Each chemotherapy is made up for each individual patient, depending on the type of cancer they have and where it is and depending their height, weight and blood results.
So, depending on where your cancer is some people have their chemotherapy drug, their cancer drug by drip, some will have an injection and other people will have tablets.
So, Iris, your chemotherapy is going to be given to you in what we call cycles and the cycles are given every three weeks for a period of six cycles. So, you will be coming in for approximately five months for your chemotherapy.
Depending on where your cancer is and what type of cancer you have will be dependent on how often you come in for treatment. An example of a treatment cycle would be for you to come in on Day 1, Day 8 and Day 15 then to have a week’s break before you come back again for Day 1 treatment.
Depending on the type of treatment that you are having we will also give you some anti sickness tablets to take alongside your chemotherapy and also some drugs to prevent any reactions if that’s appropriate.
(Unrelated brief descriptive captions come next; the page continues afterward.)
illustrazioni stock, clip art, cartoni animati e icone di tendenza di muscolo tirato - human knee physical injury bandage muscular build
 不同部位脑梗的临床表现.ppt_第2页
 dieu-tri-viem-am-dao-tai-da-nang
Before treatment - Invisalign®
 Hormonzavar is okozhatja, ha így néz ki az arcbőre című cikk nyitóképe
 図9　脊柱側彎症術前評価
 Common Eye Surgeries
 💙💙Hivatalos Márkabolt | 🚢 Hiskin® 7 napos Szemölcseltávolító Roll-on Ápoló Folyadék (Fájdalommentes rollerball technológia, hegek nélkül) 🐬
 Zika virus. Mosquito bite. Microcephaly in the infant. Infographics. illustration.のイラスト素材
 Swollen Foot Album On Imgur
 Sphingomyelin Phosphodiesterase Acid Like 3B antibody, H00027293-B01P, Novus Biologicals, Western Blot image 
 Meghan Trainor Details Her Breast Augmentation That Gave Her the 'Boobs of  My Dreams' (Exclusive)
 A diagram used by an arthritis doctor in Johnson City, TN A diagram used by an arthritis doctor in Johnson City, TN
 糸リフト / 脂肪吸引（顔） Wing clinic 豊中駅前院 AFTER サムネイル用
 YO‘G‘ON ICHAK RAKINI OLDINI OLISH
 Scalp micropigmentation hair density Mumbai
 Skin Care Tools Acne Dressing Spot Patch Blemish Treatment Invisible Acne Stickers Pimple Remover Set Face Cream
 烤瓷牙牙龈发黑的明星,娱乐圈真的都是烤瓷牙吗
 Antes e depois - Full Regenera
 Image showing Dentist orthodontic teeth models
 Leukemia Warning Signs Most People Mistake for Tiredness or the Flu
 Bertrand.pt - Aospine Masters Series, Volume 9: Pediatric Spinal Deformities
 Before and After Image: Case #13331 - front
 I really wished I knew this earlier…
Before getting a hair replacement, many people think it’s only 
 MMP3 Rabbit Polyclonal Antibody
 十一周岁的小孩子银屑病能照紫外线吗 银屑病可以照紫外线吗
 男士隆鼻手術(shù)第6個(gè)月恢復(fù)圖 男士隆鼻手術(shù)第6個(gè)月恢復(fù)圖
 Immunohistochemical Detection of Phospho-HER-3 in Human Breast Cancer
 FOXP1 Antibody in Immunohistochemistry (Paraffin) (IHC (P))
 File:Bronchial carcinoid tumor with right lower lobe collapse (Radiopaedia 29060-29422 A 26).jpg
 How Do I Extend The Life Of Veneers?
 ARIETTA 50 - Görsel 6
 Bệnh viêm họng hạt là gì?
All chemotherapy is given over different time periods so it’s best to check with your nurse about how long you are likely to be in the unit for. This can range from anything up to an hour to an all day treatment slot so please be prepared to bring along some bits to keep you occupied books and music.
So, before you go home it’s important to make sure you have got the tablets you need to go home with your anti sickness medications and any other symptom control tablets that you may require. Also, to make sure that you’ve got the telephone numbers for the oncology unit to phone if you have a temperature or you are experiencing any other symptoms at home that you need to ask advice about.
So, please make sure when you leave the unit that you’ve got all the information you require and if you’ve got any questions at all don’t hesitate to ask the nurse who will be able to answer them for you.
Before your next cycle of treatment you will come in and see the doctor in the clinic room, you’ll have a blood test and an examination to make sure you are fit and well for treatment you will then come back the following day or later on that week for treatment.
Before you start chemotherapy
You need to have blood tests to make sure it’s safe to start treatment. You have these either a few days before or on the day you start treatment. You have blood tests before each round or cycle of treatment.
Common chemotherapy side effects include:
- feeling sick
- loss of appetite
- losing weight
- feeling very tired
- a lower resistance to infections
- bleeding and bruising easily
- diarrhoea or constipation
- hair loss
Side effects depend on:
- which drugs you have
- how much of each drug you have
- how you react
Tell your treatment team about any side effects that you have.
When you go home
Chemotherapy for eye cancer can be difficult to cope with. Tell your doctor or nurse about any problems or side effects that you have. The nurse will give you telephone numbers to call if you have any problems at home.